Par un mémoire en défense enregistré le 7 mars 2023, le préfet de la Gironde conclut au rejet de la requête.
Il soutient que les moyens invoqués par le requérant ne sont pas fondés.
Vu les autres pièces du dossier.
Vu :
- la Constitution française ;
- la convention européenne de sauvegarde des droits de l'homme et des libertés fondamentales ;
- le règlement (UE) n° 603/2013 du Parlement européen et du Conseil du 26 juin 2013 ;
- le règlement (UE) n° 604/2013 du Parlement européen et du Conseil du 26 juin 2013 ;
- le règlement (CE) n° 1560/2003 de la Commission du 2 septembre 2003 ;
- le code de l'entrée et du séjour des étrangers et du droit d'asile ;
- la loi n° 91-647 du 10 juillet 1991 relative à l'aide juridique ;
- le code de justice administrative.
La présidente du tribunal a désigné M. F en application de l'article L. 572-5 du code de l'entrée et du séjour des étrangers et du droit d'asile.
Les parties ont été régulièrement averties du jour de l'audience.

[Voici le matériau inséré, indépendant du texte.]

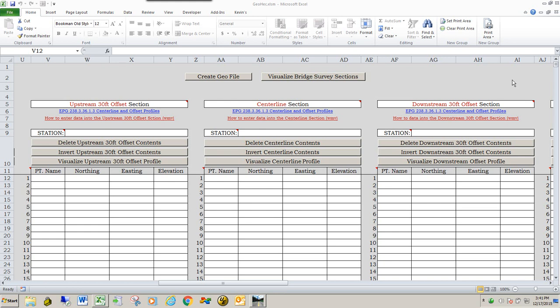In this next video we're going to talk about entering geometry data into the GeoHEC spreadsheet. The three sections that deal with geometry data are the center line alignment: the 30-foot offset, the center line of the new alignment, and then the 30-foot offset from that same center line.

Ont été entendus au cours de l'audience publique du 10 mars 2023 :
- le rapport de M. F,
- les observations de Me Cuisinier, représentant M. A, qui précise les moyens de la requête et ajoute que le moyen relatif à l'interprétariat concerne tant l'entretien individuel auquel le requérant a assisté que la notification de la décision administrative attaquée. Il ajoute également que l'arrêté méconnaît les dispositions de l'article 24 du règlement Dublin dès lors que les autorités françaises ont saisi les autorités autrichiennes postérieurement au délai de quinze jour qui leur était imparti pour ce faire.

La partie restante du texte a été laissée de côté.